AI at Scale: Trust, Systems, and Supercomputing

How can AI systems become both powerful and trustworthy when deployed in critical infrastructure? This question framed Supercomputers for Trusted AI, a dialogue hosted by Swissnex in Japan that brought together two experts with complementary perspectives on the development and deployment of artificial intelligence from ETH Zurich.
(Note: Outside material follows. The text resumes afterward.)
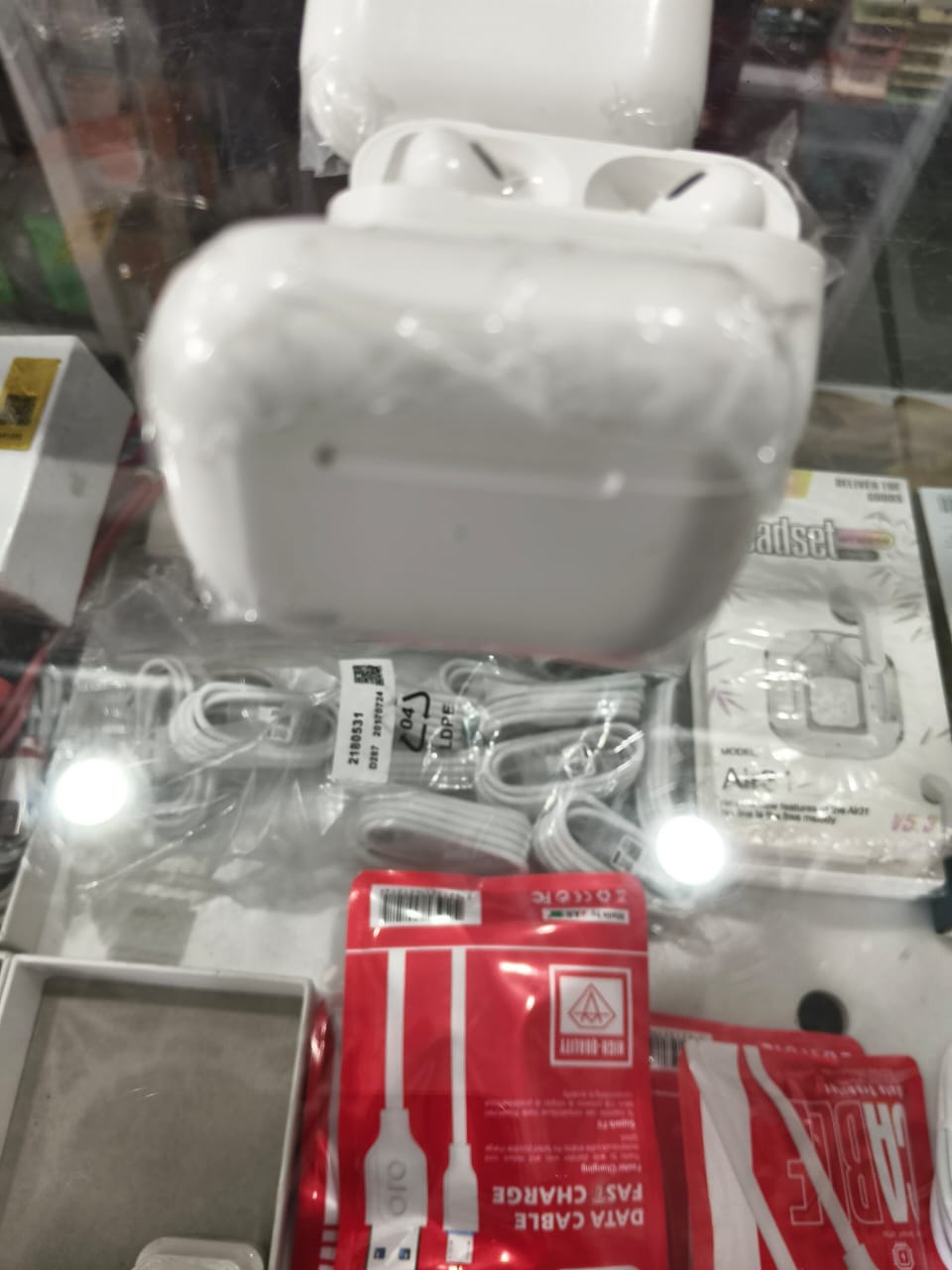 AIR PODS - Image 2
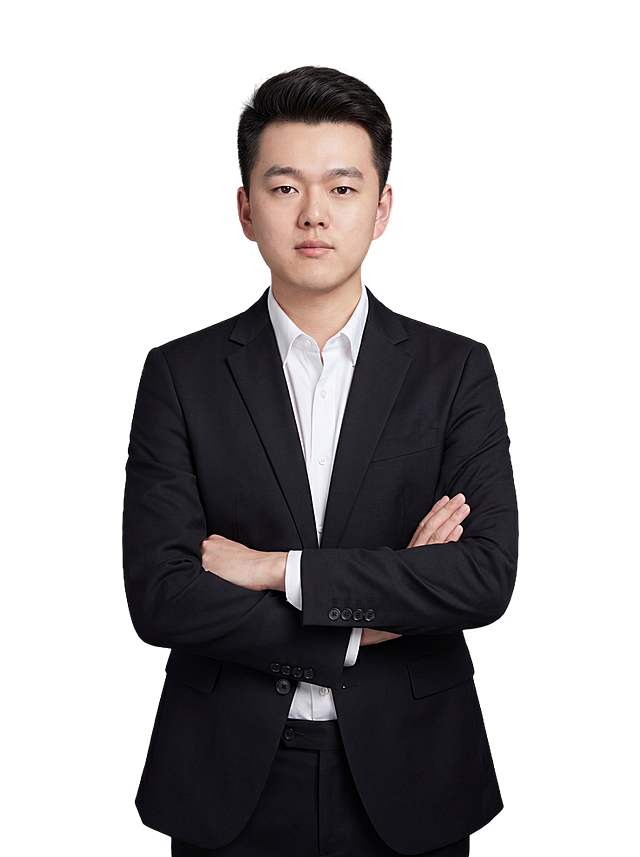 参考图中保留人物脸型、发型、年龄等特征生成职场形象照，标准焦段50mm，f/4光圈(f/2.8-f/4区间)，平视视角(镜头与人物视线齐平)；人物占画面70%，人物居中(居中构图)，位于画面中心，为视觉聚焦点，入境范围头部及以下至臀部下方10cm(半身像)；左右留少量背景空间；头部与画面顶部保留5%空间；头部发型完整，头肩比例协调，人物结构准确；发质微微柔顺，微微蓬松。身穿黑色精纺羊毛混纺西装外套(平驳领设计，面料呈细腻微微哑光质感)；内搭白色高支精梳棉衬衫；下装黑色精纺羊毛混纺西裤；着装正式干练；专业稳重；身形匀称，姿态端正，身体挺拔。呈自然站立，双手交叉抱胸，肢体放松且自信；简约中性灰色纯色背景，呈现均匀柔和质感，背景光线均匀柔和，强化色彩对比的高级感，极简干净；画质超高分辨率、细节清晰，高清，现代精致感风格；肤质精细化处理；眼神直视镜头，目光坚定且澄澈，表情自然，将人像美化；肤质自然细腻，肤色健康均匀，皮肤状态清爽干净，保留真实皮肤细节｡正面柔光补光，4800K中性光，面部光比1:1.5｡中近景写实摄影，对焦清晰，面部雾面柔光，轻透裸肌感，高清保留皮肤细节；分辨率4K，去除人物之外的所有元素。严格按照图片内容生成，画面比例3:4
On January 26-29, the conference “SCA/HPCAsia 2026” took place in Osaka as the joint edition of SupercomputingAsia (SCA) and the International Conference on High Performance Computing in the Asia-Pacific Region (HPCAsia), gathering some 2,500 participants. Swissnex invited Prof. Dr. Torsten Hoefler (Chief Architect for Machine Learning, CSCS) and Prof. Dr. John Lygeros (Director, NCCR Automation) to explore how AI can move from research environments into real-world systems, focusing on trust, reliability, and the practical challenges of operating at scale.

 

From Data to Computation

Torsten Hoefler opened the discussion approaching AI from the perspective of high-performance computing and AI for science, inviting the audience to take a step back and reflect on how AI systems are built and understood, rather than focusing on applications alone.

Drawing a historical analogy, Hoefler compared today’s AI systems to early engineering achievements: structures that worked remarkably well long before the underlying theory was fully understood. In a similar way, many AI systems perform impressively despite limited theoretical insight into why they work. This gap between capability and understanding, he suggested, becomes particularly important as systems scale.

He also challenged the familiar idea that “data is the new oil.” While large datasets played a key role in the early development of AI, Hoefler argued that computation has become the defining resource today. The ability to design, operate, and sustain large-scale computing infrastructure increasingly shapes who can push AI research forward.

In this context, he pointed to AI for science as a promising space where machine learning and physics-based models begin to converge, both deeply reliant on supercomputing. Rather than evolving separately, these approaches may benefit from closer interaction.

Control Theory Meets AI Deployment

John Lygeros complemented this view with a systems perspective grounded in the work of NCCR Automation, which focuses on trustworthy automation in domains such as robotics, energy systems, mobility, and industrial processes. He shared examples from real-world testbeds in Swiss communities, where theoretical models meet the realities of deployment, from energy management systems to industrial park development.

Drawing from his expertise, Lygeros highlighted that deploying AI in operational environments introduces challenges that go beyond model accuracy. Feedback loops, uncertainty, and long-term system behavior all matter, particularly when AI systems begin to interact with each other and with physical infrastructure. One concern raised during the discussion was the amplification of bias and error at scale. As AI systems increasingly generate data that is then used to train new models, small imperfections can compound over time. Understanding and managing these dynamics remains an open challenge.

In response, the dialogue touched on emerging mechanisms aimed at maintaining reliability, such as grounding models in verifiable sources or combining exploratory AI behavior with strong validation constraints, approaches that may become especially relevant in scientific and safety-critical contexts.

Beyond Performance Metrics

The dialogue highlighted how developing trusted AI systems requires thinking beyond model performance. Questions of system-level behavior, feedback dynamics, verification approaches, and infrastructure constraints all shape what is possible as AI moves into real-world applications. By bringing together perspectives from

high-performance computing and control theory, Supercomputers for Trusted AI offered a space where different technical approaches can engage constructively.  As AI systems move toward deployment in infrastructure, conversations that bridge computational capability with systems-level safety thinking become increasingly essential.